Gene Editing Strategies for DMD
Our research group has pioneered the use of gene editing strategies for the dystrophin gene to permanently correct the DNA: the source of the problem. DNA contains the information needed by every cell, including muscles, to function properly. In DMD patients the DNA that makes up the dystrophin gene contains errors. We can use oligonucleotides to let the muscle know of those errors and give the opportunity to the cell that compose each muscle to correct the mistake. We have shown that oligonucleotides can treat mouse models for DMD.
Work in the laboratory is now focused on better understanding the repair mechanism mediated by oligonucleotides and at improving the efficacy of the correction process by recruiting specific repair mechanisms that are highly active in muscle cells and that can specifically direct the repair process on the strand of the genomic DNA targeted for repair. Using state-of-the-art technologies, we are designing new tools to enhance gene repair and exploring the potential of correcting muscle stem cells as a viable approach for the treatment of the disease.
Suppression of Nonsense Mutations
Approximately 13% of all inherited genetic disorders and 15% of the DMD defects are caused by nonsense mutations that lead to prematurearrest of protein synthesis. Nonsense mutations are single point mutations in a sequence of DNA that encodes for a gene that lead to the inappropriate presence of specific sequences called stop codons (UAA, UAG or UGA). These stop codons cause a premature arrest in the synthesis of the dystrophin protein. As a result, no dystrophin is produced in skeletal muscles and heart. A major focus of our laboratory is to develop drugs that could be used to read-through premature stop codons and restore normal, full-length dystrophin protein.
We have several new drugs that are currently being tested in animal models for the disease. Our goal is to develop a drug that not only is effective on all stop codons,
but also safe to use in patients. We have established several collaborations with expertise in medicinal chemistry, protein chemistry, medical genetics, pathology, muscle physiology and toxicology. These collaborations will guarantee the successful completion of the study in the most cost effective and sensitive manner. The ultimate goal is to enter into licensing, distribution, or partnering agreements with pharmaceutical companies that have large, established sales organizations so as to guarantee that the drug that shows to be the best candidate for the treatment of DMD reaches the clinic.
Enhancing Regeneration in Skeletal Muscles
Muscle wasting is a phenomenon common to many disorders and is particular prevalent in neurodegenerative diseases like Duchenne. The use of stem cells or muscle progenitor cells for transplantation purposes has potential for the treatment of DMD due to their high regenerative capacity and their ability of restoring muscle lost due to the disease. The results obtained in animal models for DMD and in clinical trials however, have been disappointing. The large number of cells required to achieve and effect and the inability of transplanted cells to efficiently reconstitute muscles upon transplantation hamper the development of effective treatments to DMD. The laboratory is interested in identifying genetic targets that can be used to improve muscle regeneration upon transplantation and that could significantly enhance the regenerative capacity of transplanted cells.

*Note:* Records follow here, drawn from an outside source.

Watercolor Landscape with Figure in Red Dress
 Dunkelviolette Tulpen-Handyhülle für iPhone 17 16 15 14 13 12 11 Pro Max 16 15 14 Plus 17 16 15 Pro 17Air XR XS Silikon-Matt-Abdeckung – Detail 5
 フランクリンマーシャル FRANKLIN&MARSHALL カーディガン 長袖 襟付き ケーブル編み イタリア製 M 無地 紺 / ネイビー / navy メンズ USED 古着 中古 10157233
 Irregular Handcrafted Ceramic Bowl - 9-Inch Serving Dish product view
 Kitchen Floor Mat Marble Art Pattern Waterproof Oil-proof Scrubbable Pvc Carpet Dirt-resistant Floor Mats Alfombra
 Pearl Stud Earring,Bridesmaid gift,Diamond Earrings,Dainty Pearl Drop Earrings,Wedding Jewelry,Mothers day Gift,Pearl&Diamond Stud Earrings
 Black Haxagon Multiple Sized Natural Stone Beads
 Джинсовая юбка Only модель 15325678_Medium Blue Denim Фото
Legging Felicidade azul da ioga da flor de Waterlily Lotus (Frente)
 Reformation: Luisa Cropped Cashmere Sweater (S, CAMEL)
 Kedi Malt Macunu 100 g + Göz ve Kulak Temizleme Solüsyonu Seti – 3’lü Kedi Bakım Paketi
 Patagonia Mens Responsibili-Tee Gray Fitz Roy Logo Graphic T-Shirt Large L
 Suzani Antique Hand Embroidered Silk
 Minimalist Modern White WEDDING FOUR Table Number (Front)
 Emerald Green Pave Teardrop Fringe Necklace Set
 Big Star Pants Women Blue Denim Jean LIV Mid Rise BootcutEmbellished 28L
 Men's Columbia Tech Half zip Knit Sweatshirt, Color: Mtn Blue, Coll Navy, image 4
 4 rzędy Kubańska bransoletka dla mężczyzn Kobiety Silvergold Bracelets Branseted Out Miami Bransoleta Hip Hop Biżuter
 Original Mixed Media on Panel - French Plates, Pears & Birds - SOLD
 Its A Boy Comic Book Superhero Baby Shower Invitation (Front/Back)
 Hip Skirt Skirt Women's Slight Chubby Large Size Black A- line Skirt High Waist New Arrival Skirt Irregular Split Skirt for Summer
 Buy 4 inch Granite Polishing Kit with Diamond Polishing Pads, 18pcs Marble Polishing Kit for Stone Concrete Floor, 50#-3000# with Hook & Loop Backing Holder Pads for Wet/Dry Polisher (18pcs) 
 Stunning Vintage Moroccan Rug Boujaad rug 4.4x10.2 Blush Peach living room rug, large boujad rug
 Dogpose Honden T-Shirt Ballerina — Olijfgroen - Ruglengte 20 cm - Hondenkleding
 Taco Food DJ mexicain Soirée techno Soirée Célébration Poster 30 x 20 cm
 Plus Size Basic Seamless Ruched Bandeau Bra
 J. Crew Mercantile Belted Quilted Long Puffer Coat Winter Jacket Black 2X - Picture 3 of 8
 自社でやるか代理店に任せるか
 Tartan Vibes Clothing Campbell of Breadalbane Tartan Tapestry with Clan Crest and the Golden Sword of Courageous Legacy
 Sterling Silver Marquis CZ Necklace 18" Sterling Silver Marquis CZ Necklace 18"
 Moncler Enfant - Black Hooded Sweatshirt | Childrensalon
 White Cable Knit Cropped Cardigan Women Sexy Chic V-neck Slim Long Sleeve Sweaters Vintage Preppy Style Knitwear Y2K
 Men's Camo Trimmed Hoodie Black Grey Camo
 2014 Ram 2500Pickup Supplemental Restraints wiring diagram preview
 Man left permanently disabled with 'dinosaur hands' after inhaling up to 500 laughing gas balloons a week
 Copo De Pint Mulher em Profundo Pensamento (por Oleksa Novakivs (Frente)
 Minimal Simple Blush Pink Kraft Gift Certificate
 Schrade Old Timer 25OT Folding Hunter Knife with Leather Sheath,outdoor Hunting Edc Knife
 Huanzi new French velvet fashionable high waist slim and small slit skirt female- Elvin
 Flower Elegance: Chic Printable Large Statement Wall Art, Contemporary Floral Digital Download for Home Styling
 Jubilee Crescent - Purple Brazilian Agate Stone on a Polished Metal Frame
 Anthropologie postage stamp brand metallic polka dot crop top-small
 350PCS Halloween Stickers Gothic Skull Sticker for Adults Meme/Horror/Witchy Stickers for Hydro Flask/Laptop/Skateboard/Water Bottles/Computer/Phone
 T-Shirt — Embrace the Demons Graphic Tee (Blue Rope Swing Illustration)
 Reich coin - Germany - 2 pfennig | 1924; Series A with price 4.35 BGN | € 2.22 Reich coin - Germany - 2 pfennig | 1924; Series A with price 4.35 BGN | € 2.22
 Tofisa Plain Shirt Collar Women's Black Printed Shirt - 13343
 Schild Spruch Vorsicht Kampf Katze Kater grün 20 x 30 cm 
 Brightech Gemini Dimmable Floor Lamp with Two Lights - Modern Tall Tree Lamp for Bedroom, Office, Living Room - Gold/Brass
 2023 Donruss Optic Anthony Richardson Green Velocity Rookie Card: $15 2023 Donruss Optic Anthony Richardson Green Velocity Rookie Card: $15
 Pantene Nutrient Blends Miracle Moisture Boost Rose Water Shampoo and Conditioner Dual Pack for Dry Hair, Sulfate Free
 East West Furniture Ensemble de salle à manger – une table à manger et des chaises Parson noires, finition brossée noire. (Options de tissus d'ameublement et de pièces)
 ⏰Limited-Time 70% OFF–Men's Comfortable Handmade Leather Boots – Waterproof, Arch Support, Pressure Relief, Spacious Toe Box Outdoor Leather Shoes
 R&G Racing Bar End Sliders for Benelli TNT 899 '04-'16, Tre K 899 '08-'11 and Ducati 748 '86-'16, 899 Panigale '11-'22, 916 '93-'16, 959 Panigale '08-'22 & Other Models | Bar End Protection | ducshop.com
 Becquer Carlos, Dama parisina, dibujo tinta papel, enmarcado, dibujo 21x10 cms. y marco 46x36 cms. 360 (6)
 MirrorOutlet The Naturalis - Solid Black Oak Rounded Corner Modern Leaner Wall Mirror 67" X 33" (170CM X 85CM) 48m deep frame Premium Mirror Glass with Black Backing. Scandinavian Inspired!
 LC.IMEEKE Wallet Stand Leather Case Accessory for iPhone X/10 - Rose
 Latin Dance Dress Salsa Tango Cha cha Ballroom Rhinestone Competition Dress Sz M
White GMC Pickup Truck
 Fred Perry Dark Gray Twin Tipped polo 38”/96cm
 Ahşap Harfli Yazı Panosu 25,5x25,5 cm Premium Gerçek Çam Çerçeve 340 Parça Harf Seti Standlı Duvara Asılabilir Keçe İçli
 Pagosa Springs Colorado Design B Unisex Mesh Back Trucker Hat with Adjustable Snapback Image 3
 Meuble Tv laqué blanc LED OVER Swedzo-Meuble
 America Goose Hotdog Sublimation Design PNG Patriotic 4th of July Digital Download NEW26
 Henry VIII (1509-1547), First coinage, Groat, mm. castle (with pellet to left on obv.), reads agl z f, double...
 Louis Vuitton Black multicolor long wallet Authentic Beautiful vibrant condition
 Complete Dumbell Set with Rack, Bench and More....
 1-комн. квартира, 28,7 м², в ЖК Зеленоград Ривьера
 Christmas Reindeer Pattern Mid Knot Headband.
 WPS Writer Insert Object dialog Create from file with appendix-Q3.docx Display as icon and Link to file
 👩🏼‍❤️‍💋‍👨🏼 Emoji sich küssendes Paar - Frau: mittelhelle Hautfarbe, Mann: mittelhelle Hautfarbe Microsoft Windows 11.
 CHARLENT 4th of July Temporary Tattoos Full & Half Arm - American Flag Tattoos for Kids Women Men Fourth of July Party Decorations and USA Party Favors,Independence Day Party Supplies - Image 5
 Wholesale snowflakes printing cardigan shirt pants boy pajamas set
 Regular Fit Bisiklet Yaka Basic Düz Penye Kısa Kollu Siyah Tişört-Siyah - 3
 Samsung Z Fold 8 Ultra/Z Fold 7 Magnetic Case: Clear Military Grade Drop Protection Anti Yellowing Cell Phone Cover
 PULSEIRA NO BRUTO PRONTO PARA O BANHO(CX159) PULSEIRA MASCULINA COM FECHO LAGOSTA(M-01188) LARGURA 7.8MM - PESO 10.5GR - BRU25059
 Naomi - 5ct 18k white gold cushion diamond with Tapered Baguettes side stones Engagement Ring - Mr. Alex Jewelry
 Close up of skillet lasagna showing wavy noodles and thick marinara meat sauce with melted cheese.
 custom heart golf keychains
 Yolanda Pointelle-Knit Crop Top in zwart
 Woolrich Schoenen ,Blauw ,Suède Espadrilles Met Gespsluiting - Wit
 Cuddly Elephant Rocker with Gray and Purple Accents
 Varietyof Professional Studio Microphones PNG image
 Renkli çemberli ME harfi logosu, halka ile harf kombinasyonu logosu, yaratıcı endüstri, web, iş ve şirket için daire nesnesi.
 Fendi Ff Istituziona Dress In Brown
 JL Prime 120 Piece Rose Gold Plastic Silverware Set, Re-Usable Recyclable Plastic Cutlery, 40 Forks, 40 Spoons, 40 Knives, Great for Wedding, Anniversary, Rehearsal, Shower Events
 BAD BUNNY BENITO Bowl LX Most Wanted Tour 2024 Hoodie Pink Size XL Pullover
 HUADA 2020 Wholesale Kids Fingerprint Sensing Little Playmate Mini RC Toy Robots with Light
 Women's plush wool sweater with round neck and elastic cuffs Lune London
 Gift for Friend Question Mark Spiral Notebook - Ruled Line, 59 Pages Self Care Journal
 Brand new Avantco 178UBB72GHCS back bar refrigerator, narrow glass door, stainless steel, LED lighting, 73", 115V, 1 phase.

Using High throughput screening (HTS) technologies we have identified several candidate genes that play active role during terminal differentiation of muscle precursor cells. 
Inhibition of expression of those genes using RNA interference showed to promote myoblasts fusion in vitro and following transplantation into dystrophin deficient mice highlighting their importance for therapeutic purposes. We are now interested in determining the function of those genes and their role in myogenesis toward the development of effective therapies to DMD. These studies are likely to have a broad range of applications and are relevant to all forms of muscle disorders characterized by loss of muscle mass.